Note that for RGBA (64 uint8s), a $\delta_\infty = 16$ should be good. For weights (256 uint4s), an absolute coding of the values should suffice.

For simplicity, we can choose a huffman code with a per-subgroup (64 blocks) shared dictionary/tree for:

  1. The RGB components, since they share very similar structures
  2. A distinct alpha channel, since it's likely that they will just have a single value for most subgroups
  3. A distinct weight channel, since this is the most variable aspect of this whole scheme

Group start offsets

Since a group/chunk of blocks are no longer deterministically mapped to a fixed point, we need to also include a central directory (cd) lookup.
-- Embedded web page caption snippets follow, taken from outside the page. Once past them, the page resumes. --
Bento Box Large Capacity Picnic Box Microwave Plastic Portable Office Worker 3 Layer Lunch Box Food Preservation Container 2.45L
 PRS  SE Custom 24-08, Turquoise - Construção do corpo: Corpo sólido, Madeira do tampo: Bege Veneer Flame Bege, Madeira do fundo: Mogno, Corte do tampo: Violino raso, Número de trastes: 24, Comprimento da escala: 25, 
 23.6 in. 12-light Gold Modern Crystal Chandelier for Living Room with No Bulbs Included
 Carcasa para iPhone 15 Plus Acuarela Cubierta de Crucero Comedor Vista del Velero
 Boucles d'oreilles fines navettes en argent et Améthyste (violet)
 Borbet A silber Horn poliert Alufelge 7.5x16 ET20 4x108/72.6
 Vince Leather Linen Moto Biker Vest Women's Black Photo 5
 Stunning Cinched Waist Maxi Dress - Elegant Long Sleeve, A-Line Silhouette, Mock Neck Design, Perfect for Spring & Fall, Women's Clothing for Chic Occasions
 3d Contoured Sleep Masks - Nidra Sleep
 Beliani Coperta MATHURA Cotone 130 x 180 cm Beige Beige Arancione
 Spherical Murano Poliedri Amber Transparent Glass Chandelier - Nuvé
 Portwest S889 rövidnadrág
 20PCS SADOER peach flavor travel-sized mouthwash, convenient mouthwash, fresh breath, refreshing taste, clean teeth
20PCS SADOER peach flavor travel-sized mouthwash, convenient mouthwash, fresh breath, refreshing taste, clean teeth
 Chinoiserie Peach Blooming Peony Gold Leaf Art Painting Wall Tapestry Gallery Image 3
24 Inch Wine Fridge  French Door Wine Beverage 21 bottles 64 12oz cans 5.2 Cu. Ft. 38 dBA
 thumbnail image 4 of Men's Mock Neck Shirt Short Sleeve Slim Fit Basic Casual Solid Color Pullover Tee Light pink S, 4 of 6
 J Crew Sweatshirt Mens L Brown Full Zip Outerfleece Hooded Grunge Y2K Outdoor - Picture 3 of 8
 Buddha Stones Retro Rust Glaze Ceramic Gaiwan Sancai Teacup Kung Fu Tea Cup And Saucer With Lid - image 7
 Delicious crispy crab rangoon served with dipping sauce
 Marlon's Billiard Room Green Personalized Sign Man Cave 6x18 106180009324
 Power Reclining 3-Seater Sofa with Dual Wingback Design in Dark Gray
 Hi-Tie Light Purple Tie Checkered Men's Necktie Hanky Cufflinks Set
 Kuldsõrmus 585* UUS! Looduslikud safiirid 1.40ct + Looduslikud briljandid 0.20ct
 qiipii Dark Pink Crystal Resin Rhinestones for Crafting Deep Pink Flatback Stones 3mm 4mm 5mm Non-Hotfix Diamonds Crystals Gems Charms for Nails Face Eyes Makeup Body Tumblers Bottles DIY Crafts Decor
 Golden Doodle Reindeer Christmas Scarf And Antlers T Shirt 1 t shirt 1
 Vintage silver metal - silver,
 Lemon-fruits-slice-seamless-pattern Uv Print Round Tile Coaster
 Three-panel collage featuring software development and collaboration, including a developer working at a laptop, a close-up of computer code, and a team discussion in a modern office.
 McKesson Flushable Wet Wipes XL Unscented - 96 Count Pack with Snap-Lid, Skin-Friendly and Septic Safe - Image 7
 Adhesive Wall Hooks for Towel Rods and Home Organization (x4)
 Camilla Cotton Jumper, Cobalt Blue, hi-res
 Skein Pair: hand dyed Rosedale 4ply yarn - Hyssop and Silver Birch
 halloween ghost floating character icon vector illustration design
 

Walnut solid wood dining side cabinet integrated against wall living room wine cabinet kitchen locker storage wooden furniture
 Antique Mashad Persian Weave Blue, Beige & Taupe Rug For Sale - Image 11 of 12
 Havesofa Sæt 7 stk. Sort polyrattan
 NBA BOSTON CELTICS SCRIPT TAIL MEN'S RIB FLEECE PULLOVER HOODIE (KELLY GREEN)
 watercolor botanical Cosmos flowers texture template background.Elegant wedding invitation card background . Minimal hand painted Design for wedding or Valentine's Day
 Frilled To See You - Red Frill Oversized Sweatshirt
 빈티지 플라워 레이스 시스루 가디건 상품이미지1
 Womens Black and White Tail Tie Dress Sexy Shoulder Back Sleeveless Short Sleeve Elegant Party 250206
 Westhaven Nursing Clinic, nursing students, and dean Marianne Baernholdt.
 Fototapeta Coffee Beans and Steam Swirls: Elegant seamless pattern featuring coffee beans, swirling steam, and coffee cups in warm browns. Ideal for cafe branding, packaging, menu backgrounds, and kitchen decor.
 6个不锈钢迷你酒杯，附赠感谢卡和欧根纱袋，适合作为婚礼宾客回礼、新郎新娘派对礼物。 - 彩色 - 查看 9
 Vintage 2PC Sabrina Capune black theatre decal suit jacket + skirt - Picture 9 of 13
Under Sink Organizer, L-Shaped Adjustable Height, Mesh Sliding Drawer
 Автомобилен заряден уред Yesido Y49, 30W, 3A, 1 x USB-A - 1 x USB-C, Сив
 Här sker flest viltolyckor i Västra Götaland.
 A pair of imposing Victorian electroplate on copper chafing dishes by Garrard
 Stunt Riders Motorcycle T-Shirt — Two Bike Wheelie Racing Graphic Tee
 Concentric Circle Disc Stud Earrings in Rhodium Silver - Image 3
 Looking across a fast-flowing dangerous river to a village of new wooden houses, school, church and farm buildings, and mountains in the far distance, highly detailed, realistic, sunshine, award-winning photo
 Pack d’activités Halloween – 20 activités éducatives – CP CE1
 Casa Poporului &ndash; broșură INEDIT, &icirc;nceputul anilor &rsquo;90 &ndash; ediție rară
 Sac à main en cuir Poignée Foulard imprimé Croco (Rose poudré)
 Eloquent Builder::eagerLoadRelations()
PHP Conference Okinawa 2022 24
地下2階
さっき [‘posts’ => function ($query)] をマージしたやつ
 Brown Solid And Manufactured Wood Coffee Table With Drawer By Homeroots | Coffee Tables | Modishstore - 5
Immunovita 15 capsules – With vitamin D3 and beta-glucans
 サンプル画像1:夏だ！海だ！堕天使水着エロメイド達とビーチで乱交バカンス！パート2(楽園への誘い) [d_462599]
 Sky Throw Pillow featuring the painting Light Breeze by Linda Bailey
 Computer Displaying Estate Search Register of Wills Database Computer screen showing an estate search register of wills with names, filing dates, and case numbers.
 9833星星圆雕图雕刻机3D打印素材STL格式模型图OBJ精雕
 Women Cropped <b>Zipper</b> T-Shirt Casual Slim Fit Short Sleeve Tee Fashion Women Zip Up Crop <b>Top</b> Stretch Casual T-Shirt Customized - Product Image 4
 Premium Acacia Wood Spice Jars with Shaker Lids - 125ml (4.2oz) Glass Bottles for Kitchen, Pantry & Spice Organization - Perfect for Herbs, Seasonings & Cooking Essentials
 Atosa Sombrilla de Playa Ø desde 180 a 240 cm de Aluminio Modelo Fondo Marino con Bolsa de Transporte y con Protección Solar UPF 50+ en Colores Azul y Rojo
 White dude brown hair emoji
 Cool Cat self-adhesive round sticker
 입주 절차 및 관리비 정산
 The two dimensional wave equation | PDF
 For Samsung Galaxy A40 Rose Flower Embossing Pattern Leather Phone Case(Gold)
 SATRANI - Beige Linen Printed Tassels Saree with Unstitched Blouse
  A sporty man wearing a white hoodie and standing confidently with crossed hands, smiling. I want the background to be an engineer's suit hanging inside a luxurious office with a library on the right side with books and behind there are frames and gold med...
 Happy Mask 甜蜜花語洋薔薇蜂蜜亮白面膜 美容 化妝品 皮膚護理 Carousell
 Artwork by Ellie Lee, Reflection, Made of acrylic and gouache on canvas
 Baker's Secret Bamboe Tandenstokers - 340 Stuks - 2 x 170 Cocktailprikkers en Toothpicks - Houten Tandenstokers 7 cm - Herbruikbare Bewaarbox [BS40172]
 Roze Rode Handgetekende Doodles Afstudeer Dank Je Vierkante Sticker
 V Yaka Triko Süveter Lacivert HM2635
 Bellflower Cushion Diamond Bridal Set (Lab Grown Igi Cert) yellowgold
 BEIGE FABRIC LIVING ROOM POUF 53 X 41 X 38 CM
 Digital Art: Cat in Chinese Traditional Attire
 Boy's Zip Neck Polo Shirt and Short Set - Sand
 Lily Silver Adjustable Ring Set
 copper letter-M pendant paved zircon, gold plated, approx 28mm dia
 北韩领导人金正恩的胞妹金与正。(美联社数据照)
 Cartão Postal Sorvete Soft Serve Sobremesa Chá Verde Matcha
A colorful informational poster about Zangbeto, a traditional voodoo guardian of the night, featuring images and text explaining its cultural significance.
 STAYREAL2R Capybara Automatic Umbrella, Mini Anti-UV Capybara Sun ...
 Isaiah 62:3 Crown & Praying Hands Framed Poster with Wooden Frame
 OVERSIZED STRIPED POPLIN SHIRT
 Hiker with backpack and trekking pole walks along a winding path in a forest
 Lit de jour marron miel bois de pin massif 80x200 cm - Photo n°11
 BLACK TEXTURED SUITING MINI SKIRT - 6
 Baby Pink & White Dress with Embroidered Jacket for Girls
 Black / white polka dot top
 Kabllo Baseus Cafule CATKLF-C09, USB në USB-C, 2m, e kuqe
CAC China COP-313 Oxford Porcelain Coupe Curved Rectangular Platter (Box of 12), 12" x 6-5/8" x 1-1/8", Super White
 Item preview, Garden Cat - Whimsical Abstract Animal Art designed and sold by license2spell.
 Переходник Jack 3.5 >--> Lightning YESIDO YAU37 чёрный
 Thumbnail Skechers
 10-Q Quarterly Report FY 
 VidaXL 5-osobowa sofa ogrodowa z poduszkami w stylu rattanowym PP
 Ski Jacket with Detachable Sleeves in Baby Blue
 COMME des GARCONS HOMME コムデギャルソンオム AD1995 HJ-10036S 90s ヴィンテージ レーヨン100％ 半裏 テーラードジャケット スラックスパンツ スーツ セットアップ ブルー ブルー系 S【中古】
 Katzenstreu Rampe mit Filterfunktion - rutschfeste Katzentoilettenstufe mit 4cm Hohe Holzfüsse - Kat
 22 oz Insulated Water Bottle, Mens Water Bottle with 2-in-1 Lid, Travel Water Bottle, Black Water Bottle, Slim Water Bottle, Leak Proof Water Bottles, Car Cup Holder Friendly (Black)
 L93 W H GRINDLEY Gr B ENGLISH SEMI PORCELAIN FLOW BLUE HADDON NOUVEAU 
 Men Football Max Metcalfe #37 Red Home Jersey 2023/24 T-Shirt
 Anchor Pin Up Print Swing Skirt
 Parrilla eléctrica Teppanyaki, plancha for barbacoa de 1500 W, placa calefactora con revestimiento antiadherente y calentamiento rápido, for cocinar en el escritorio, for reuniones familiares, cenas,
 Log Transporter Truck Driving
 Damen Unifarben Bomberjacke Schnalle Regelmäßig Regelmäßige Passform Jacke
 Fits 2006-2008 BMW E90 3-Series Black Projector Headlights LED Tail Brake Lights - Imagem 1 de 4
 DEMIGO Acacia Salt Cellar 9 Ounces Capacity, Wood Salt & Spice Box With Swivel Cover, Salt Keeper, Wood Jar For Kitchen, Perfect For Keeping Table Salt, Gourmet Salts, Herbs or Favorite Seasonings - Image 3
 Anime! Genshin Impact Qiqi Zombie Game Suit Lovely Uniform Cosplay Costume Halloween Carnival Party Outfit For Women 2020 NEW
We'll go with the naive approach of just specifying $\frac{w \times h}{256}$ additional uint32s, to be optimized later.

Parallelization

The aim is to do this process in subgroups of 64 threads on an iGPU (ARM/Adreno). Each subgroup will compute its subgroup id, and then find its group start offset in the file (already mapped into memory). Then it will perform either the encoding (from astc/bc1 weights to astc) or decoding (from the .fastc group object into astc)

Empirical Results

Using device: cuda
Image processed into 129600 blocks.
Processing 100 groups of 64 blocks...

--- Compression Efficacy Report ---
Original Image Blocks: 6400
Original ASTC Size: 100.00 KB
-----------------------------------
Compressed Size Breakdown:
  - Huffman Data: 67.72 KB
  - Huffman Trees: 7.35 KB
  - Huffman RGB Data: 18.67 KB
  - Huffman RGB Trees: 4.65 KB
  - Huffman W Data: 49.06 KB
  - Huffman W Trees: 2.54 KB
  - Absolute Values: 3.54 KB
  - Central Directory: 0.39 KB
-----------------------------------
Total Compressed Size: 79.00 KB
Compression Ratio: 1.27:1
SAVING: 21.00%
RGB Codebook: [(0, '00'), (1, '011'), (-2, '1010'), (-1, '1111'), (2, '1011'), (3, '0100'), (4, '1001'), (16, '1101'), (-4, '11000'), (-3, '10001'), (6, '01011'), (-8, '110010'), (-6, '010100'), (5, '111011'), (7, '010101'), (10, '110011'), (-15, '1000000'), (-10, '1000001'), (-7, '1110011'), (-5, '1110100'), (8, '1000010'), (9, '1000011'), (11, '1110101'), (13, '1110000'), (-14, '11100010'), (-9, '11100100'), (14, '11100101'), (-11, '111000110'), (15, '111000111')]
RGB Freq: Counter({0: 70, 1: 44, -1: 37, 16: 30, 2: 26, -2: 25, 4: 24, 3: 19, -4: 13, -3: 12, 6: 11, 5: 8, 10: 7, -8: 7, 7: 5, -6: 5, 11: 4, -5: 4, -7: 4, 8: 3, -10: 3, -15: 3, 13: 3, 9: 3, -9: 2, -14: 2, 14: 2, 15: 1, -11: 1})
Alpha Codebook: {0: ''}
Alpha Freq: Counter({0: 126})
Weight Codebook: [(0, '0001'), (1, '0110'), (2, '0011'), (3, '0100'), (4, '0111'), (5, '1000'), (6, '0101'), (7, '1011'), (8, '1110'), (9, '1111'), (10, '1100'), (11, '1010'), (12, '1001'), (13, '1101'), (14, '0000'), (15, '0010')]
Weight Freq: Counter({9: 83, 8: 82, 13: 80, 10: 78, 7: 68, 11: 66, 12: 65, 5: 63, 4: 61, 1: 59, 6: 57, 3: 57, 2: 56, 15: 55, 0: 49, 14: 45})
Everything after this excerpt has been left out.